The problem » Without including any pictures, copy each entry below exactly.

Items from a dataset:
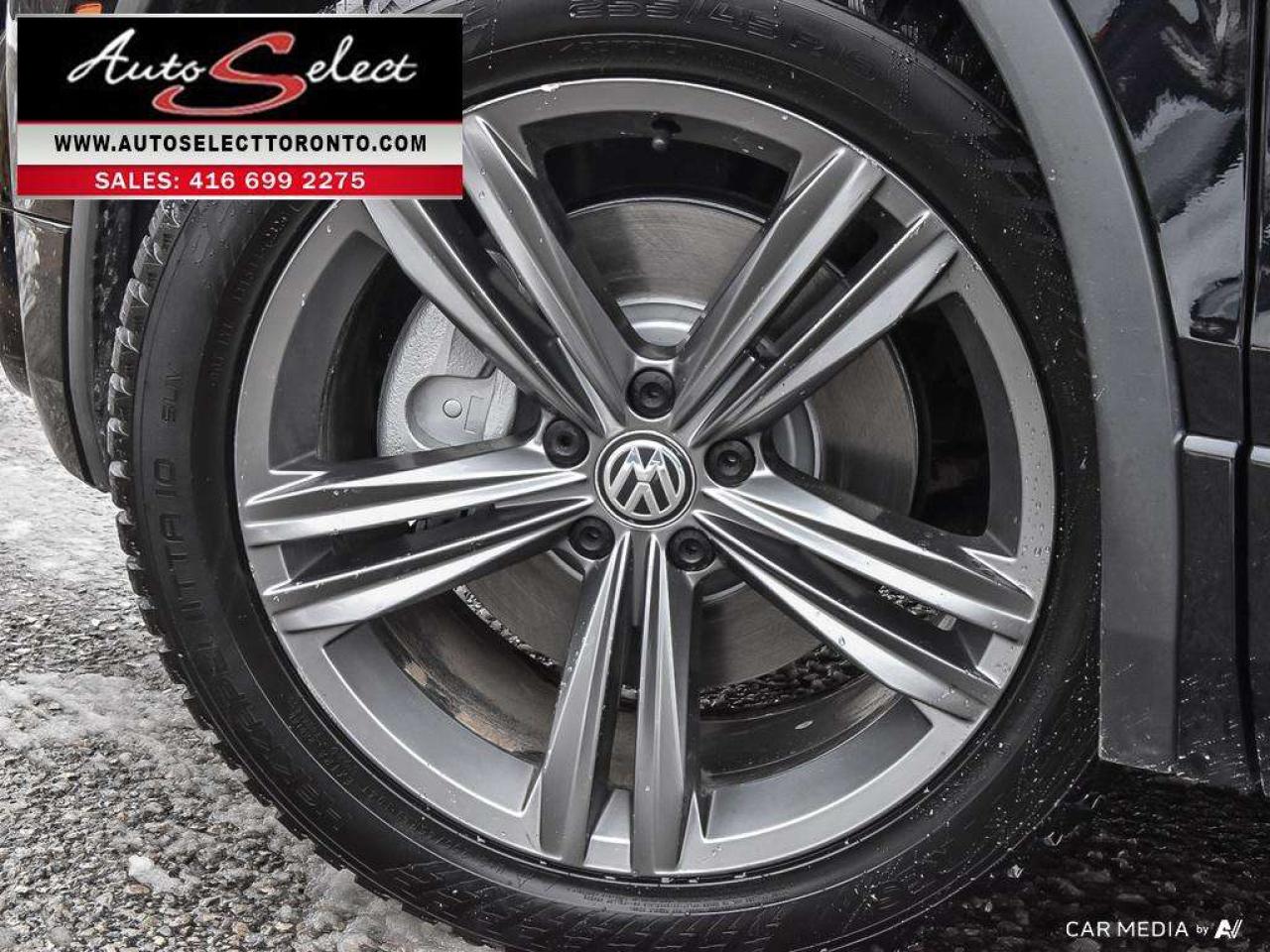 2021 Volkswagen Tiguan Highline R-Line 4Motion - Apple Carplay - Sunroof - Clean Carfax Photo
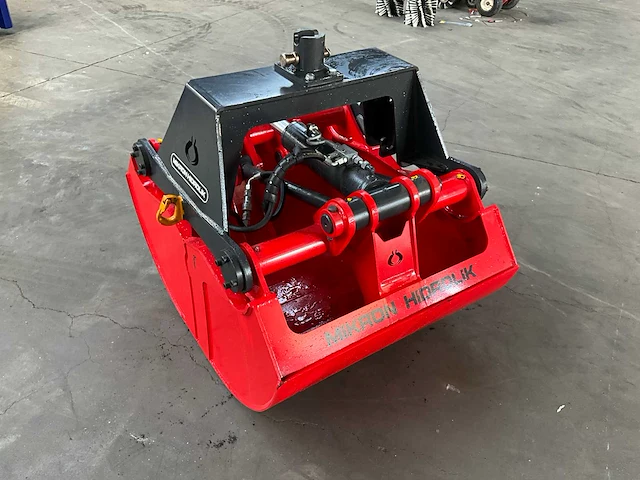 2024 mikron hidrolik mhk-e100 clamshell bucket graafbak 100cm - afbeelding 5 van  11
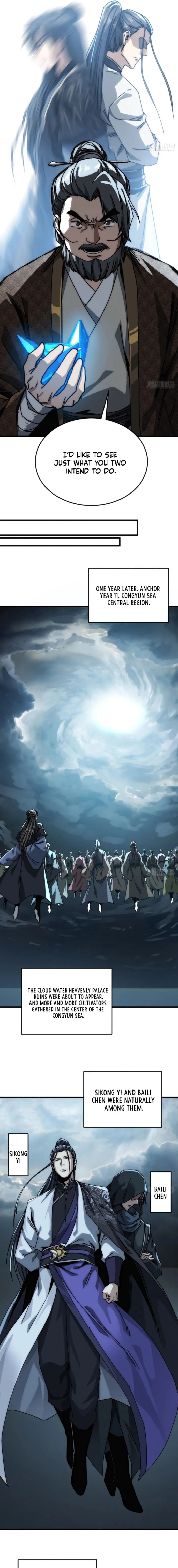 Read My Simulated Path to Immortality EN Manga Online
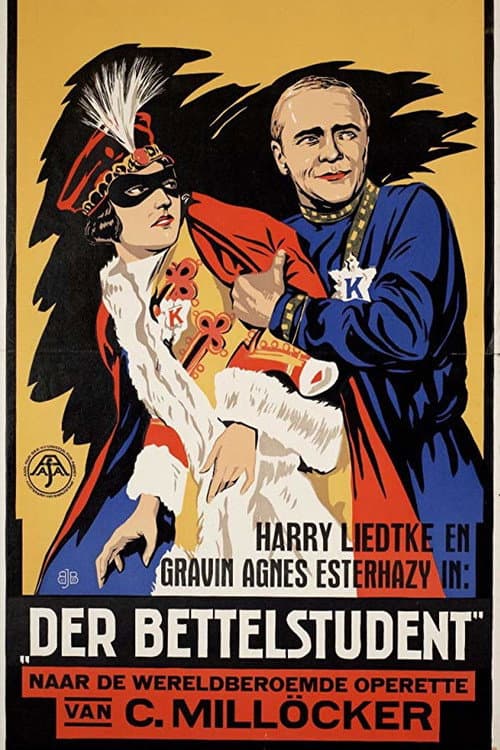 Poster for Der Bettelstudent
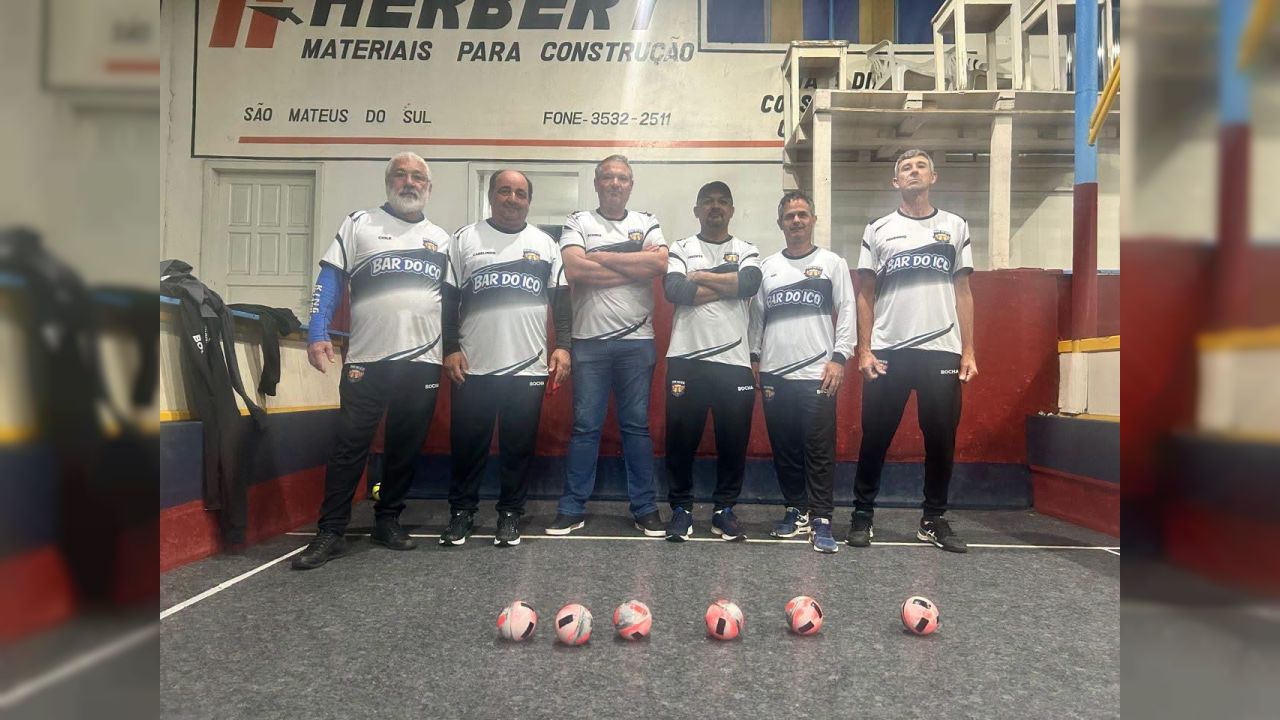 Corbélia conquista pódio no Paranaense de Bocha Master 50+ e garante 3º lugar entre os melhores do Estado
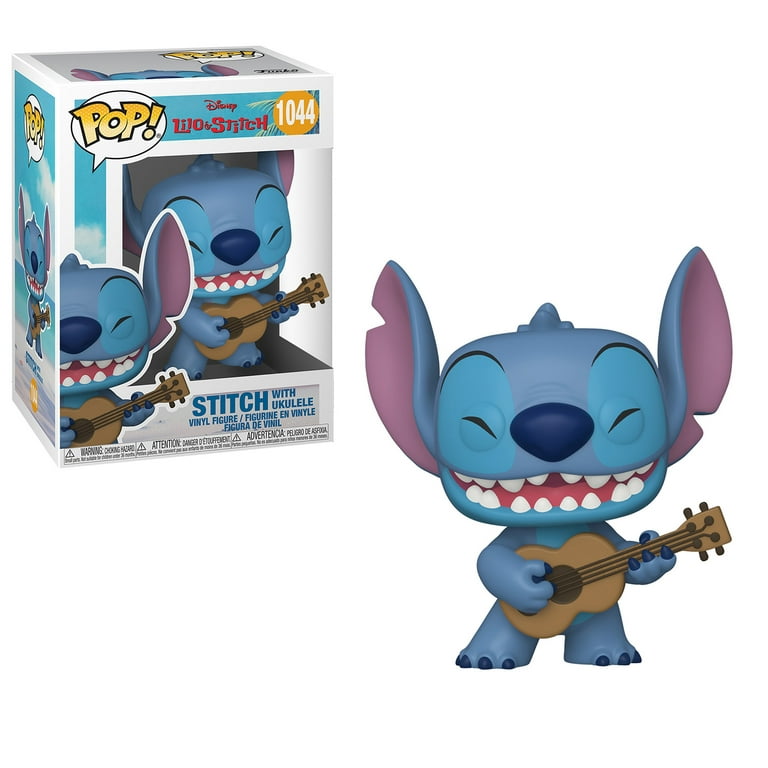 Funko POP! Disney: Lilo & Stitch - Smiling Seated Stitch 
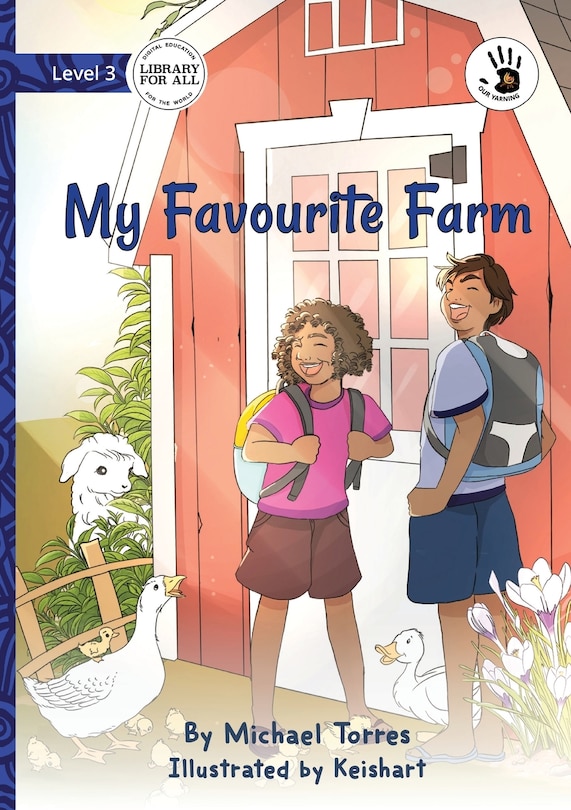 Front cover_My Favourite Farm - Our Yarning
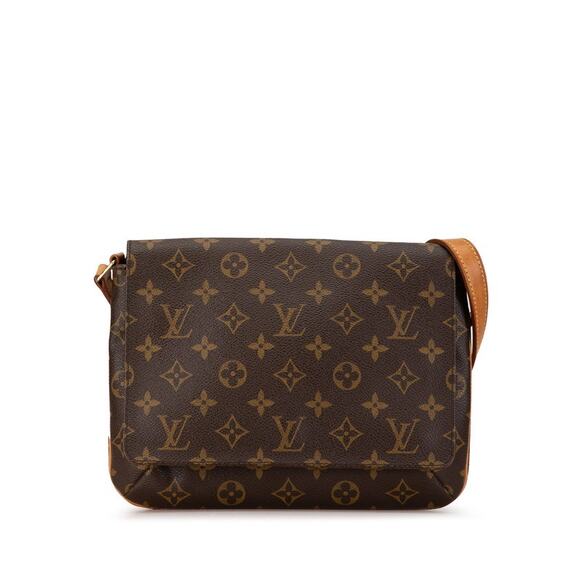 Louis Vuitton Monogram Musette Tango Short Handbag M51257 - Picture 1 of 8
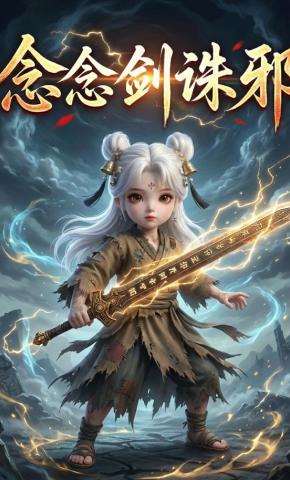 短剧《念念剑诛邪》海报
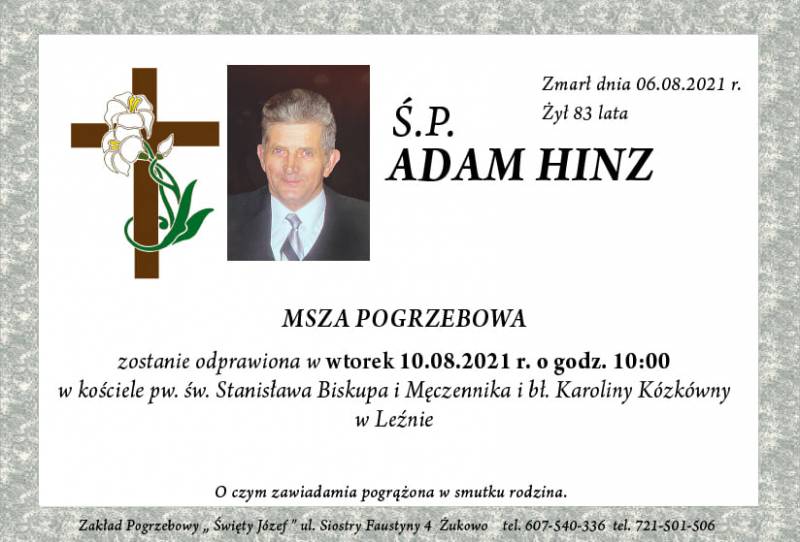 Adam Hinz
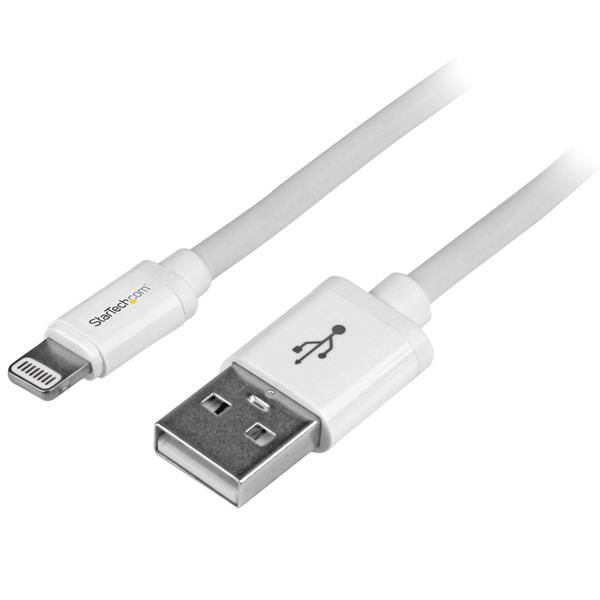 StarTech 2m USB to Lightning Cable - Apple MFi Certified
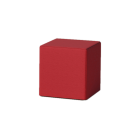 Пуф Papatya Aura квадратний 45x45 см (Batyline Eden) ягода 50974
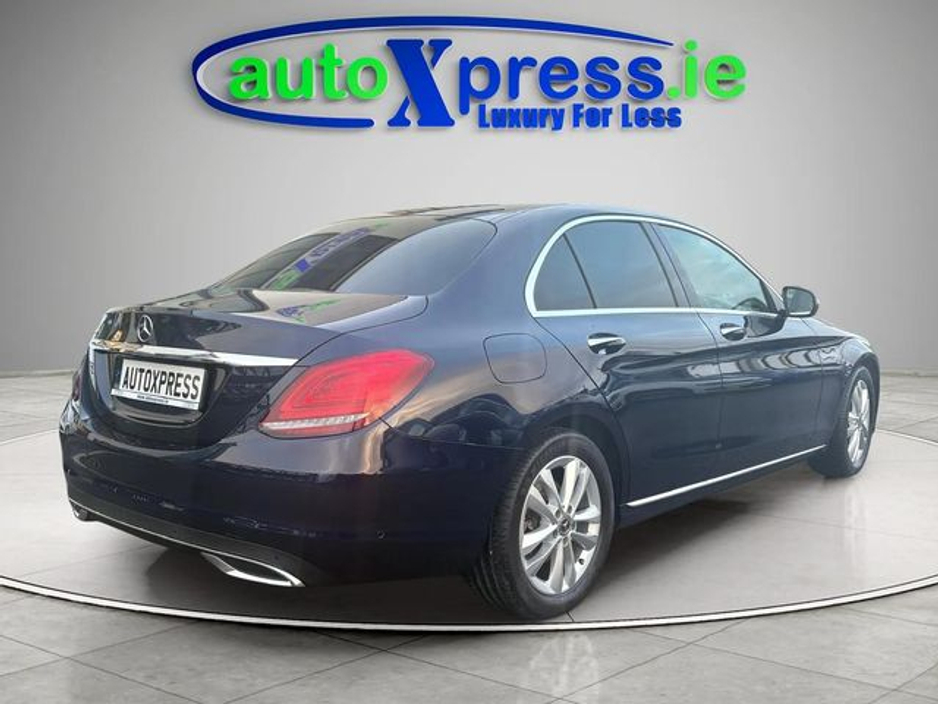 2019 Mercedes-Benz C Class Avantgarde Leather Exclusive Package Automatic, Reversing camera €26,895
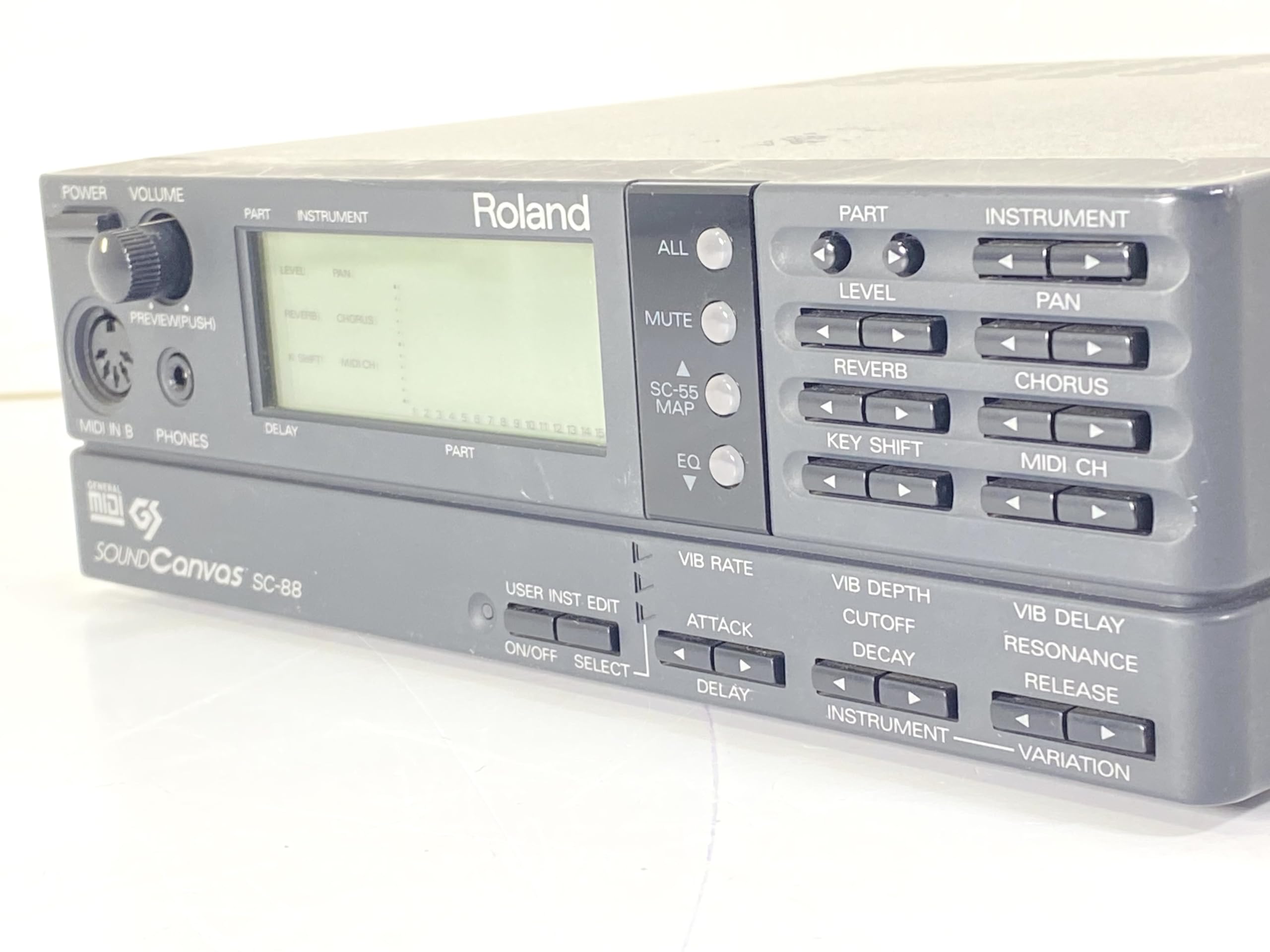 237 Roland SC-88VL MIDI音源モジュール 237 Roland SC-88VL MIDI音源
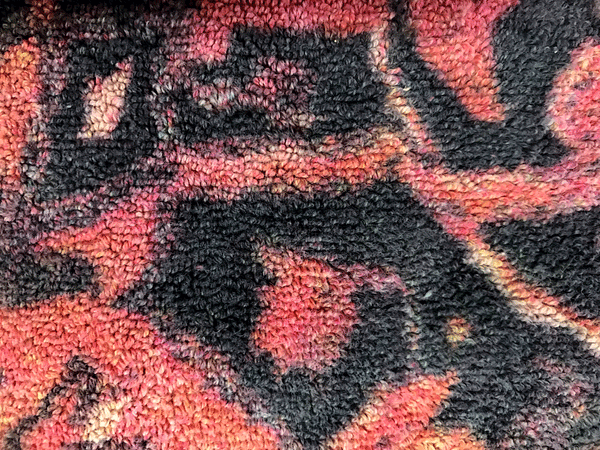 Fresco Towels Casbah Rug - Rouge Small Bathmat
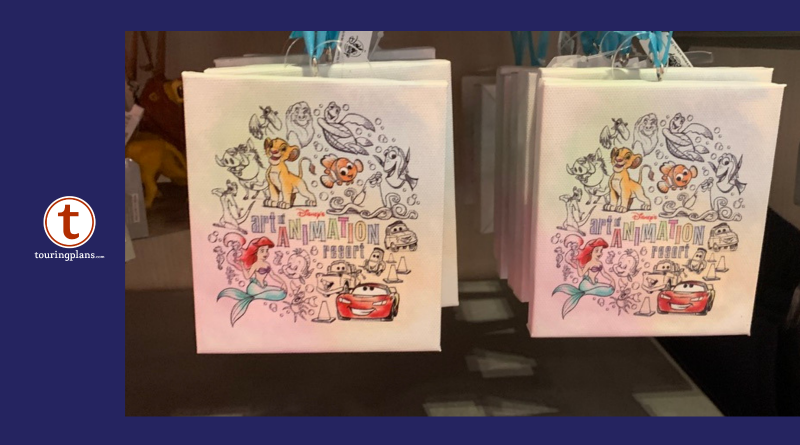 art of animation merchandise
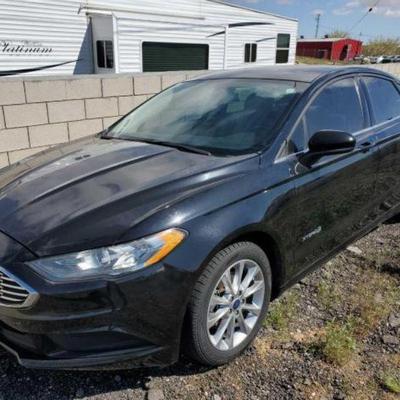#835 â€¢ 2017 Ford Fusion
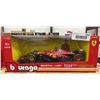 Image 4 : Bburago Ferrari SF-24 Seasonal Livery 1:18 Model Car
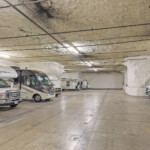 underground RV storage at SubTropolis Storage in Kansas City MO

Exercise solution »
 2021 Volkswagen Tiguan Highline R-Line 4Motion - Apple Carplay - Sunroof - Clean Carfax Photo
 2024 mikron hidrolik mhk-e100 clamshell bucket graafbak 100cm - afbeelding 5 van  11
 Read My Simulated Path to Immortality EN Manga Online
 Poster for Der Bettelstudent
 Corbélia conquista pódio no Paranaense de Bocha Master 50+ e garante 3º lugar entre os melhores do Estado
 Funko POP! Disney: Lilo & Stitch - Smiling Seated Stitch 
 Front cover_My Favourite Farm - Our Yarning
 Louis Vuitton Monogram Musette Tango Short Handbag M51257 - Picture 1 of 8
 短剧《念念剑诛邪》海报
 Adam Hinz
 StarTech 2m USB to Lightning Cable - Apple MFi Certified
 Пуф Papatya Aura квадратний 45x45 см (Batyline Eden) ягода 50974
 2019 Mercedes-Benz C Class Avantgarde Leather Exclusive Package Automatic, Reversing camera €26,895
 237 Roland SC-88VL MIDI音源モジュール 237 Roland SC-88VL MIDI音源
 Fresco Towels Casbah Rug - Rouge Small Bathmat
 art of animation merchandise
#835 â€¢ 2017 Ford Fusion
 Image 4 : Bburago Ferrari SF-24 Seasonal Livery 1:18 Model Car
 underground RV storage at SubTropolis Storage in Kansas City MO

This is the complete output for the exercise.